I understand this well. My family is made up entirely of fishermen, and criminals. There’s mention of us in books going back as far as the late 1600s, and the quote from that one goes something like, “There are two _____ families on Cape Cod. One is spelled with an E, and they are all horse thieves. The ones with an I are even worse than that.”
I’m from the I family. Not much has changed since that book was published. Nearly every one of my male relatives still living has been incarcerated. So, yeah, to say that I’m impressed with how well this author captured what it was like for me growing up in that place is an understatement.

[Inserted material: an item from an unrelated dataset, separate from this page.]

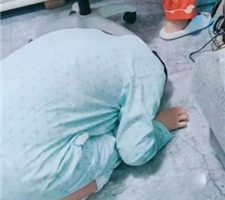 【慕田夫妻】圈养家奴裸足恋足舔 JS231209-2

But this isn’t about me, it’s about the book. If Izzy is a pariah, then Lucian, the male lead, is nothing short of the specter that haunts the entire island. He’s the ghost story kids tell to scare each other. People cringe at the very mention of his name. The driveway to his home, a castle said to be built on the bones of his family’s enemies, is lined with crosses to ward against his evil.

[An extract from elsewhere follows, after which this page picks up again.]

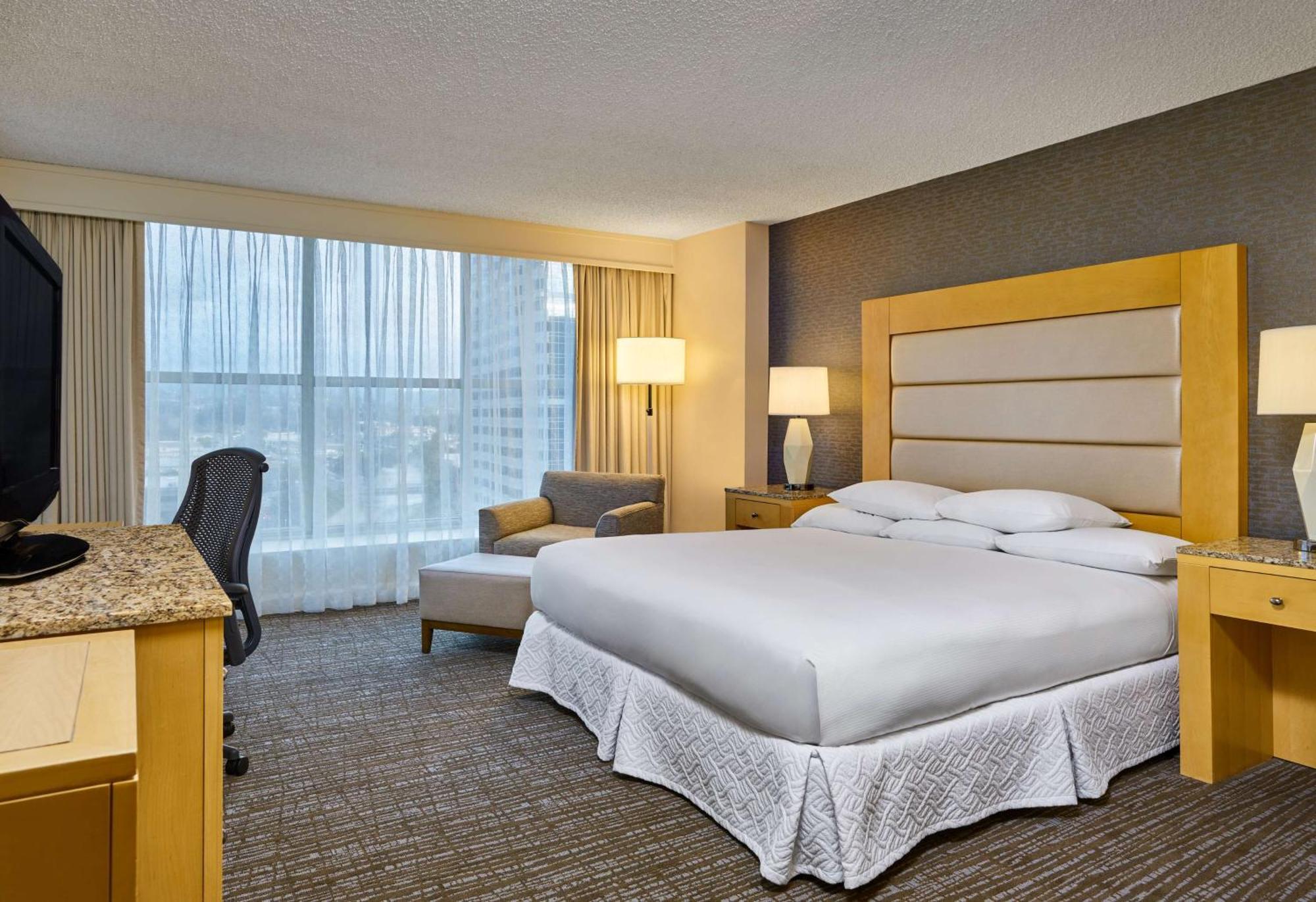 Hilton Los Angeles North-Glendale & Executive Meeting Center Extérieur photo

One of the things I loved about this book is that Lucian’s reputation is well-earned. It’s not one of those romances where you meet the male lead and find out he doesn’t deserve the black mark against him and is secretly a stand-up guy. He’s not, and you should be prepared for that going into this.
When I said at the beginning of this review that this book is dark, I meant it. There are some themes here a lot of readers will struggle with. TWs for sexual assault, abuse, violence, suicide, institutionalization, breath play, knife play, animal cruelty, torture, murder, hallucinations, panic attacks, severe mental health issues, and probably several others I just can’t remember right now.

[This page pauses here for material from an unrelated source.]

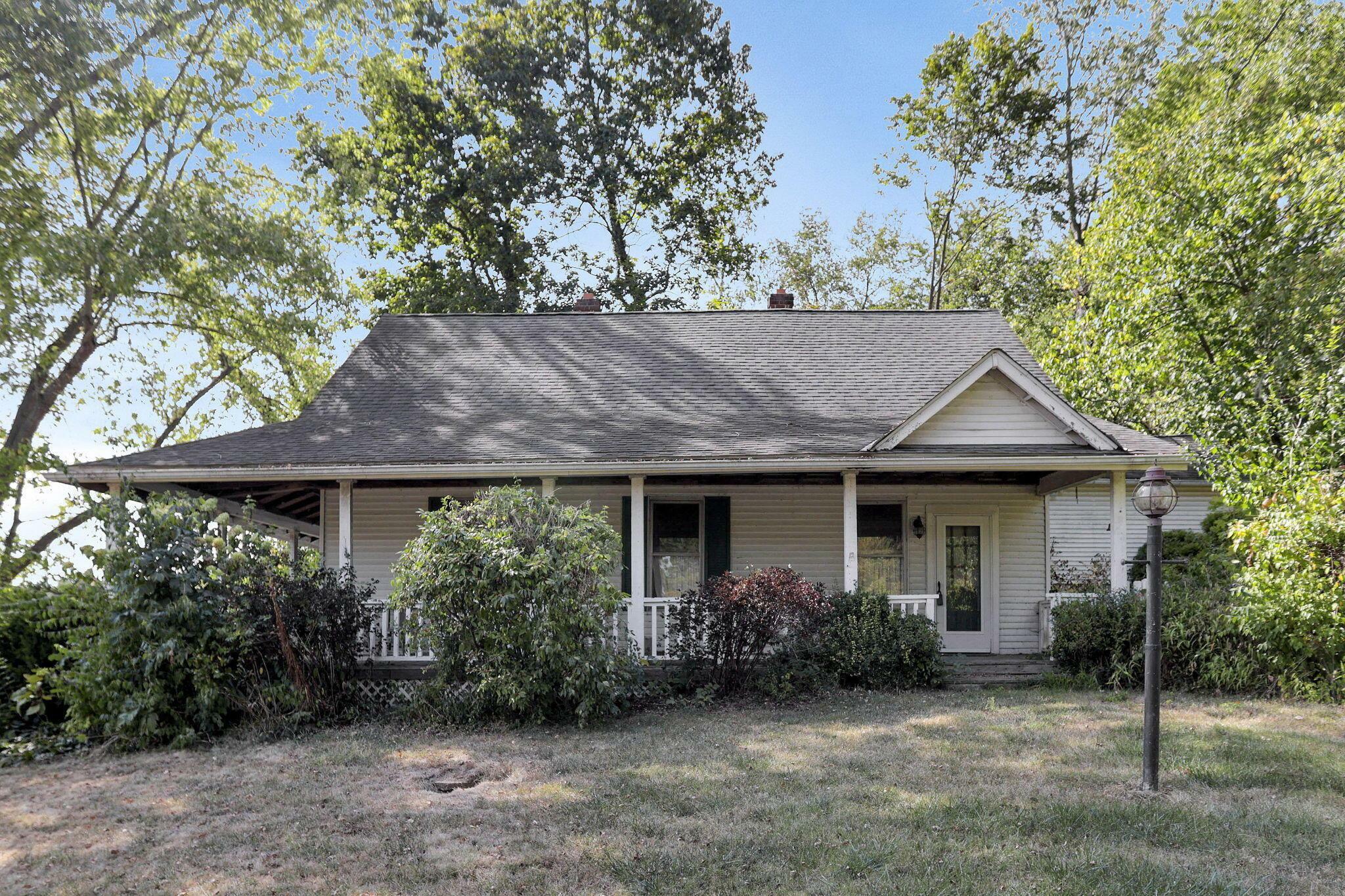 Property Photo:  780 National SE Road  OH 43025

On a more positive note, everything that happens between Lucian and Izzy is consensual. He’s not the typical abusive asshole you find in a lot of dark romances. Consent matters to him, and while he’s openly enamored with the fantasy of forcing Izzy, it’s only the fantasy he’s attracted to, and he wouldn’t pursue it without her agreement – actual rape is horrifying to him.
So while I loved this book, I can’t gushingly recommend it like I would with any other five-star read. But if you might be okay with those triggers, then my god do you have one hell of a book to look forward to.
There are several overlapping plots in this, each a mystery unto itself, but the main one is Lucian. That’s right, this author managed to make the male lead into such an enigma that I spent 3/4 of this voraciously consuming his backstory and still I want more. What drives someone with such dark desires? How did he become the person that he is today? Is he really as mad as everyone says? And if he is, how the hell can he and Izzy ever be happy together? Especially when Izzy might not be the innocent 19-year-old I first believed her to be.
I don’t want to really get into any specifics with this because there are so many potential spoilers that I might veer too close to, and really, this is a book that should be read instead of read about.
I do have one regret about Izzy’s character, and it’s that she didn’t have as much progression as I would have liked to see. Actually, she had a lot of growth overall. What I’m really trying to say is that she didn’t embrace part of herself as much as I hoped she would. Because if she had: dark phoenix rising. My god, did want. So maybe that says more about me than anything else, lol.
I also had one or two issues toward the end, and I almost dropped the rating to four stars instead of five because of it. I just couldn’t do that, though, because overall, I fucking loved this book, and I know I’ll end up re-reading it whenever I’m in the mood for something deliciously dark. It will stay with me for weeks to come, and that, more than anything else, speaks volumes about how much it meant to me.